If all have sinned who then can be saved? Again Paul gives us the answer. He said: “There is no difference, 23 for all have sinned and fall short of the glory of God, 24 and [all] are justified freely by his grace through the redemption that came by Christ Jesus” (Romans 3:23, 24). Who has been forgiven? Everyone! The child molester, the terrorist, the drug dealer…you and I, we all have been justified, that is declared not guilty in God’s hall of justice because in his grace God the Father sent Jesus to hell’s prison to do the time for our sins. Sola gratia Luther summarized. It’s by God’s grace alone that the door to heaven stands open to all.

Since all have been declared not guilty of their sins because of God’s grace in Jesus, does this mean that all will go to heaven? Sadly it doesn’t. For while we all have been declared not guilty it’s only through faith that we receive the benefit of this favorable verdict. Paul wrote: “21 But now a righteousness from God, apart from law, has been made known, to which the Law and the Prophets testify. 22 This righteousness from God comes through faith in Jesus Christ to all who believe” (Romans 3:21, 22).

Sola fide. It’s through faith alone that we enjoy the benefit of God’s grace. We shouldn’t think that faith is the one thing we now have to do to get into heaven. Faith is not the hand that reaches to take the gift of salvation.

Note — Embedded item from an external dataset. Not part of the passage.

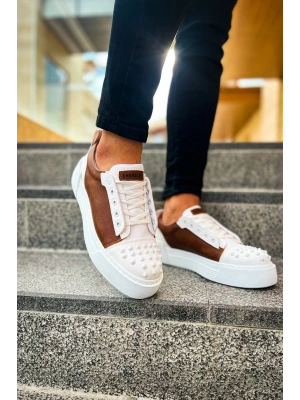 Ch169 Cbt Thorn Erkek Ayakkabı Beyaz/taba Erkek Günlük Ayakkabı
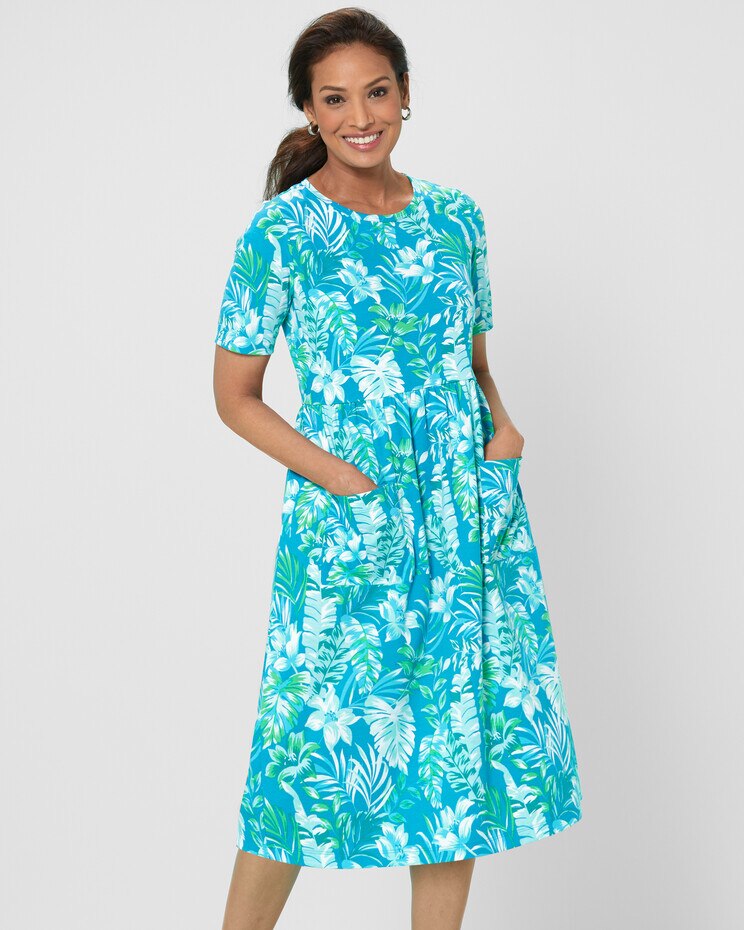 Boardwalk Knit Print Weekend Dress | Appleseeds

Faith is the hand that receives the blessing of grace because the Holy Spirit has lifted our hands into position to receive the benefit of salvation. Without the working of the Holy Spirit we would be like the 3-year-old trick or treating for the first time. He is so overwhelmed by the other costumed kids and afraid of the stranger on whose doorstep he stands to get candy that he doesn’t even hold out his bag when offered a delicious chocolate bar. Dad has to gently take the hands of the child and extend them to receive the gift. When that child gets home to count all the candy he received, he can’t claim any credit for the stash. He didn’t buy any of the candy with money he had earned. He couldn’t even hold out his bag to receive the candy. Dad had to be there standing behind him at every house.

And nor can we claim any credit for our salvation. Salvation, heaven, eternal life comes to us through the three solas: sola scriptura, sola gratia, and sola fide. No, these aren’t just Latin catch phrases Martin Luther coined during the Reformation five hundred years ago; they are the foundation of our salvation. For it is only through Scripture that we learn about the extent of our sinfulness and the breadth of God’s love. It’s only because of God’s grace that we have forgiveness. And only through faith in Jesus do we receive the benefit of forgiveness. Scripture, grace, faith: three solas worth knowing because they mean free and full salvation. Amen.